Six die in Nepal tourist helicopter crash

No fewer than six people aboard a tourist helicopter in Nepal were killed when it crashed not long after take-off in the Everest region on Tuesday, aviation authorities said.

The Manang Air flight was heading for the Capital, Kathmandu from near Lukla, the gateway for climbing expeditions to the world’s highest peak, with five Mexican travellers and a Nepali pilot onboard.

Credible News reports that the chopper lost contact about 10 minutes after taking off at 10:04 am, 0419 GMT.

Six bodies have been found at the crash site with two helicopters and teams on the ground deployed for search and rescue, Gyanendra Bhul of the Civil Aviation Authority of Nepal said.

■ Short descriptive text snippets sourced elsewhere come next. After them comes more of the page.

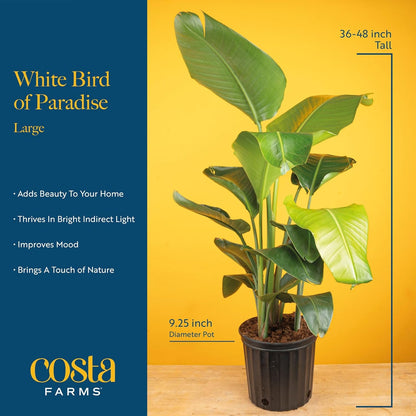 Costa Farms Live Plants (2-Pack), Money Tree and Bird of Paradise, Easy to Grow Large Indoor Outdoor Houseplants in 10-Inch Plant Pots, House Plant Gift, Office, Living Room, Home Decor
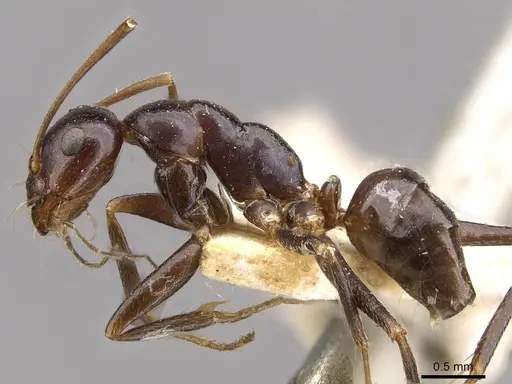 Melophorus aeneovirens specimen CASENT0909816 image casent0909816_3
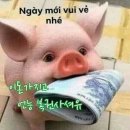 금송아지 이미지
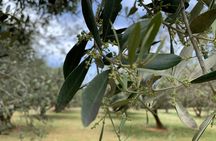 E-Bike Farm Tour in Kefalonia with Honey and Olive Oil Tastings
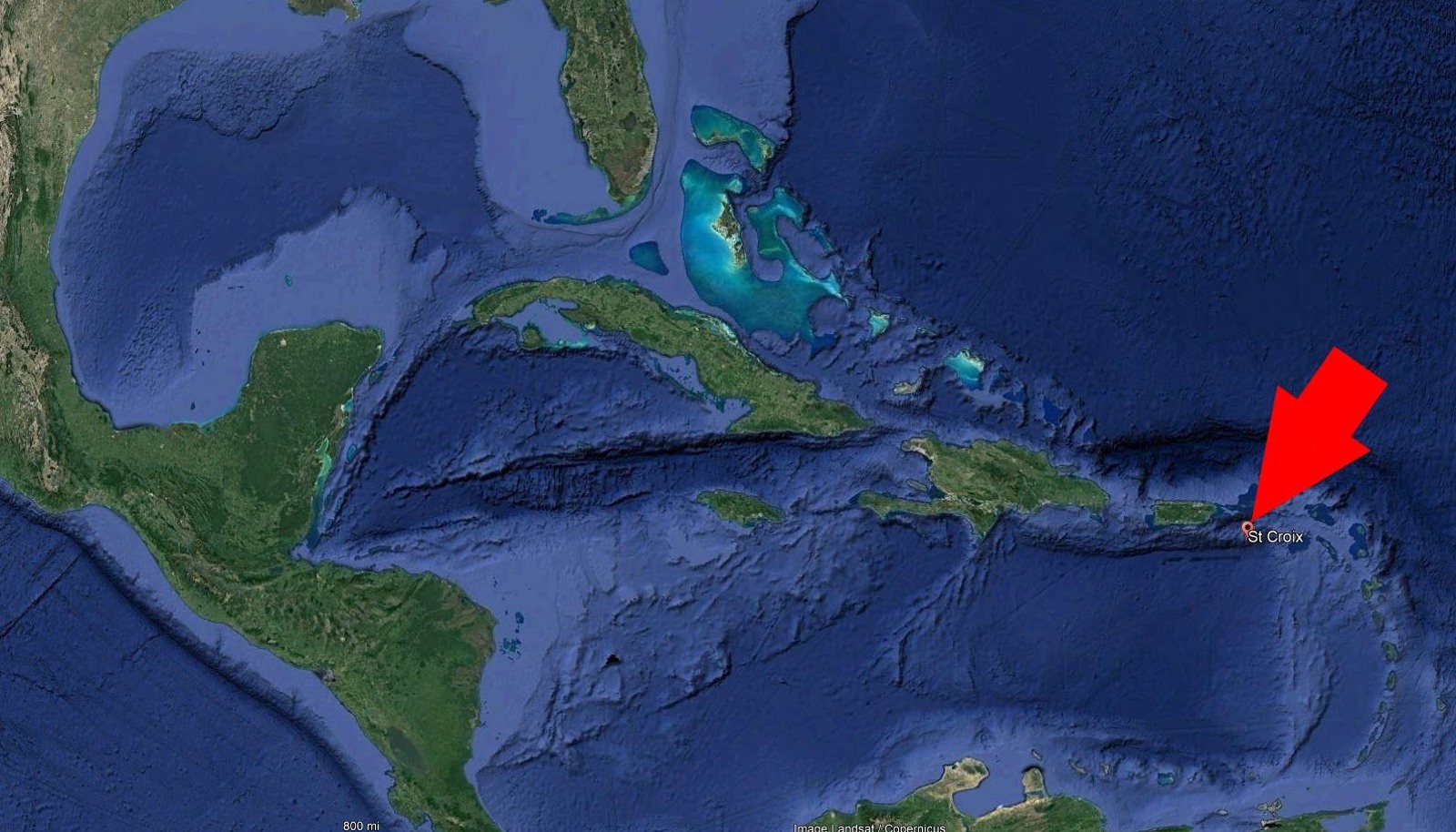 Image 5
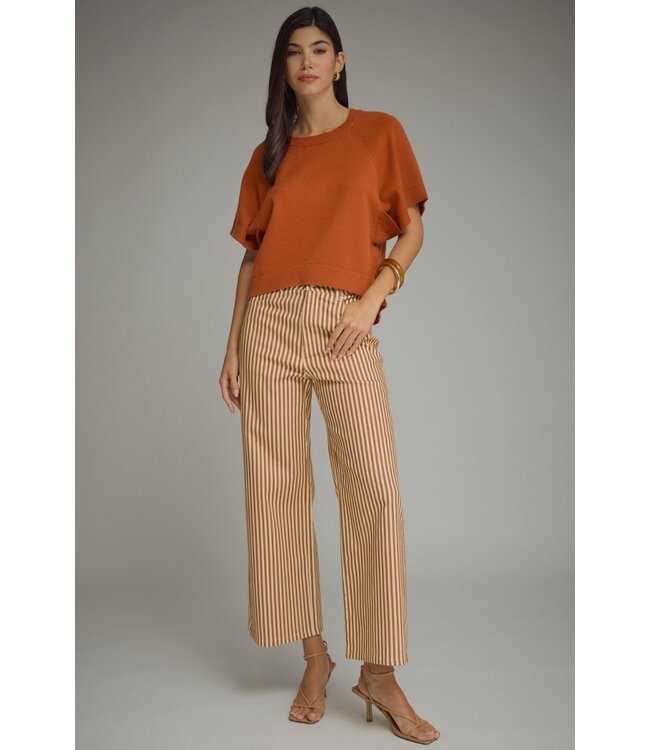 Lannie Brown Striped Wide Leg Pants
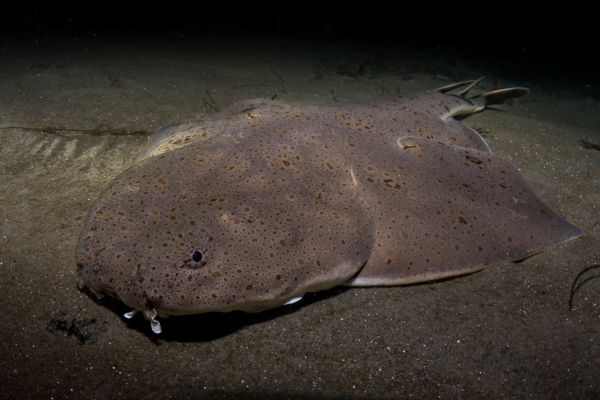 Pacific angel shark
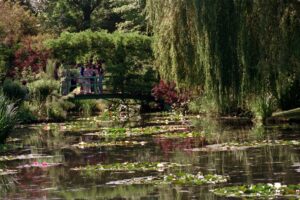 Seerosenteich Giverny3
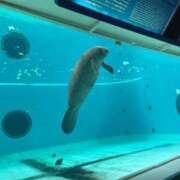 ヒメ日記 2026/01/10 16:37 投稿 倉田 ミオン 熟女・人妻マダム宮殿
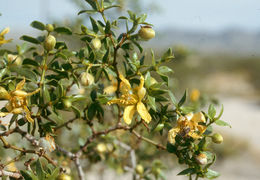 Image of creosote bush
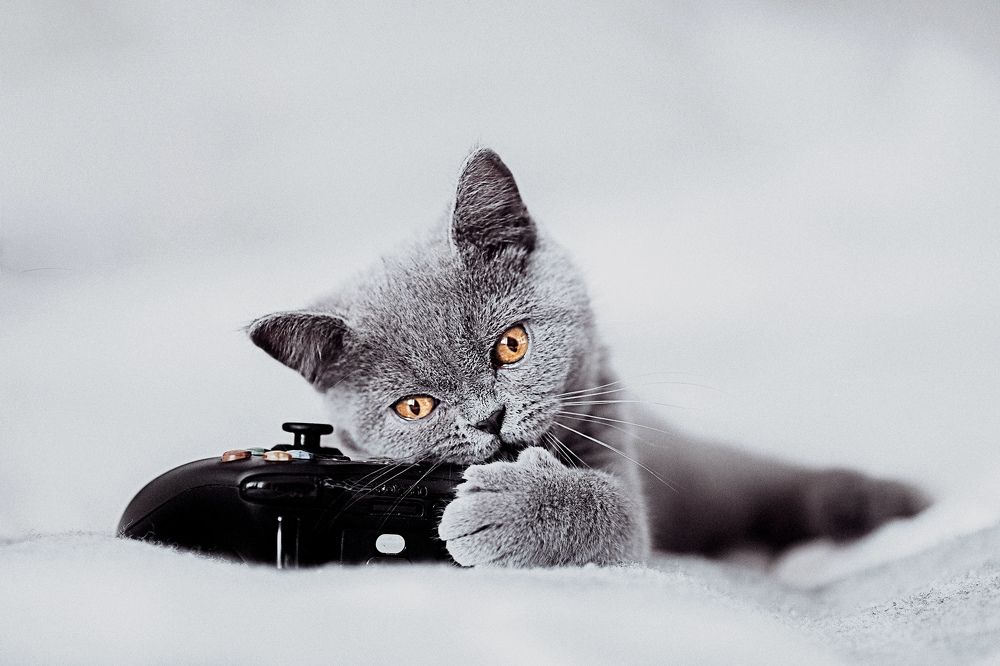 Photograph by Monika Fiba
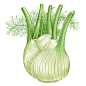 All About Growing Fennel - Organic Gardening - MOTHER EARTH NEWS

“Weather did not allow the helicopters to land close to the area. Teams on foot are heading there to retrieve the bodies”, Bhul said.

Prime Minister, Pushpa Kamal Dahal had expressed grief over the incident, his office said on Twitter.

Credible News reports that Nepal has a booming private helicopter industry, flying tourists and goods to remote corners of the Himalayan nation where road access is limited or non-existent.

But the country is notorious for its poor air safety, and Tuesday’s incident is the latest in a string of aviation accidents in the country.

The Himalayan Republic has some of the world’s most remote and tricky runways, flanked by snow-capped peaks with approaches that pose a challenge even for accomplished pilots. The weather can also change quickly in the mountains, creating treacherous flying conditions.

Nepal’s aviation sector has also been plagued by insufficient training and maintenance.

One person was killed and four were injured in May when a helicopter crashed in eastern Nepal after dropping off goods for a hydroelectricity project.

A plane crash in the country’s west killed all 72 people on board in January. The Yeti Airlines flight had plummeted into a steep gorge, smashed into pieces, and burst into flames as it approached the central city of Pokhara.

In 2018, a US-Bangla Airlines plane crash-landed near Kathmandu’s notoriously difficult international airport, killing 51 people and seriously injuring 20.

In 1992, in Nepal’s deadliest air accident, all 167 people aboard a Pakistan International Airlines plane died when it crashed on approach to Kathmandu airport.

Just two months earlier a Thai Airways aircraft had crashed near the same airport, killing 113 people.

The European Union has banned all Nepali carriers from its airspace over safety concerns.